- What you need to do -
What you return should be only the lines starting at the one that contains "A modern wrought" and running to the end of the listing, exactly as written, minus any pictures.

- Data -

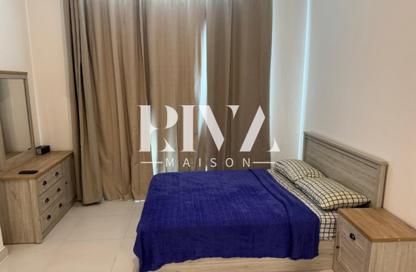Apartment - 1 Bedroom - 2 Bathrooms for rent in Rabdan Building - Motor City - Dubai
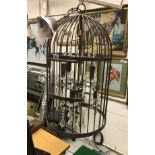 A modern wrought iron "bird cage" eight light electrolier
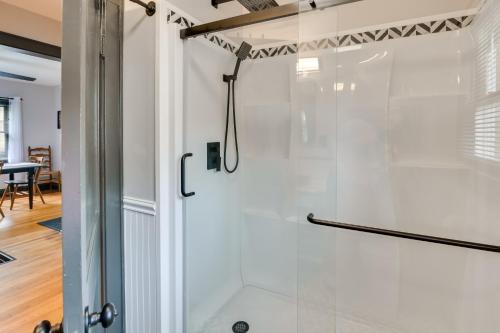 a shower in a bathroom with a glass door at Mullens Home - Close to Hatfield-McCoy Trailhead! in Mullens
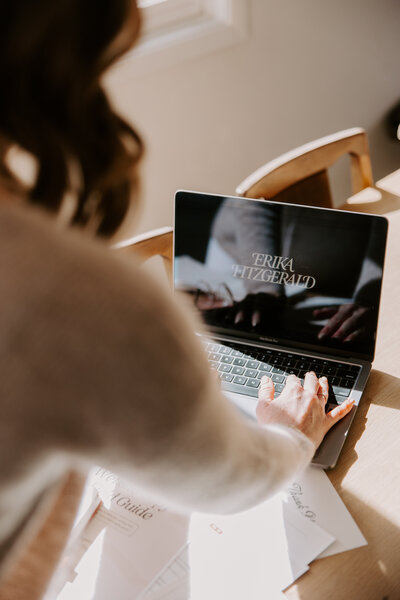 Website copywriter Erika Fitzgerald working on a blog post about website copywriting power words 
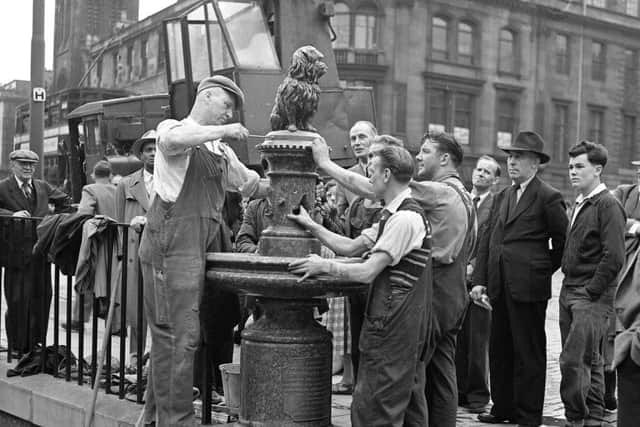 Statue of Greyfriars Bobby being replaced on pedestal after it was knocked off its pedesta.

- Written solution -
 A modern wrought iron "bird cage" eight light electrolier
 a shower in a bathroom with a glass door at Mullens Home - Close to Hatfield-McCoy Trailhead! in Mullens
 Website copywriter Erika Fitzgerald working on a blog post about website copywriting power words 
 Statue of Greyfriars Bobby being replaced on pedestal after it was knocked off its pedesta.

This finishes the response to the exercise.